Sitting in the dentist's chair this morning, waiting to have a temporary crown re-attached (It keeps falling out.), I read Fareed Zakariah's column in this week's issue of Time magazine. Mr. Zakariah writes that President Obama should approve the Keystone pipeline through the middle of America, carrying tar-sands oil from northern Canada to refineries in Texas.
The case for the pipeline, as Zakariah makes it, is this. Canada is going to extract the tar-sands oil whether or not the pipeline is built. The oil sludge will be transported south by railroad if there is no pipeline. The columnist says fifteen trains a day, each of one hundred tanker cars, equal what the pipeline would carry. Diesel engines produce carbon emissions, adding to our pollution problems. Although Mr. Zakariah doesn't mention it, there is a small chance of a derailment with spills from all those tanker cars.
Alternatively, without routing their oil across the United States, the Canadians could build a pipeline to the Pacific coast and ship the oil to China. This of course would add to the amount of exhaust gases produced there, and so the level of global pollutants would remain the same. Americans would get our oil from Venezuela or Saudi Arabia.
What we need to do, the columnist argues, is attack the demand side of the energy problem, rather than supply. Weaning us, and everyone else, away from fossil fuels is the answer.
I like Fareed Zakariah and respect his opinions. I differ with him on this one, however. Not being an engineer, I won't try to critique the proposal about routing the Canadian pipeline to the Pacific, except to note there are some very high mountains they would have to cross. I suspect the rationale for the Keystone project is that it's cheaper to go south than to go west.

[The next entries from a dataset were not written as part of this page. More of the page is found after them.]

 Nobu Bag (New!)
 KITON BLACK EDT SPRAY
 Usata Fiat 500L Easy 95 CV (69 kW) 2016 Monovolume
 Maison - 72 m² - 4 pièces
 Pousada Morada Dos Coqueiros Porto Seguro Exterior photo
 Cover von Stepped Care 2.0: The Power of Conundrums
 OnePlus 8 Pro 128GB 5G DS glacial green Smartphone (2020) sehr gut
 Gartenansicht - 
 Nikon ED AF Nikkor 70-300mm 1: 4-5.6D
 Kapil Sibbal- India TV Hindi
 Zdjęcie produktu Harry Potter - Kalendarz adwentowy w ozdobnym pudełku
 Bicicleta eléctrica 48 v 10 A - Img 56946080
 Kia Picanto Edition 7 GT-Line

I think there is a moral component to this as well as a business one. To say it simply, "If we're not part of the solution, we're part of the problem." It's right to say we should be converting as quickly as possible to use of renewable energy. It's correct to say that other countries will use the dirty oil from Canada even if we don't. China's air pollution inevitably affects us, as ours does them.
Still, it's insufficient to argue that because someone else will make a foolish mistake we should make one too.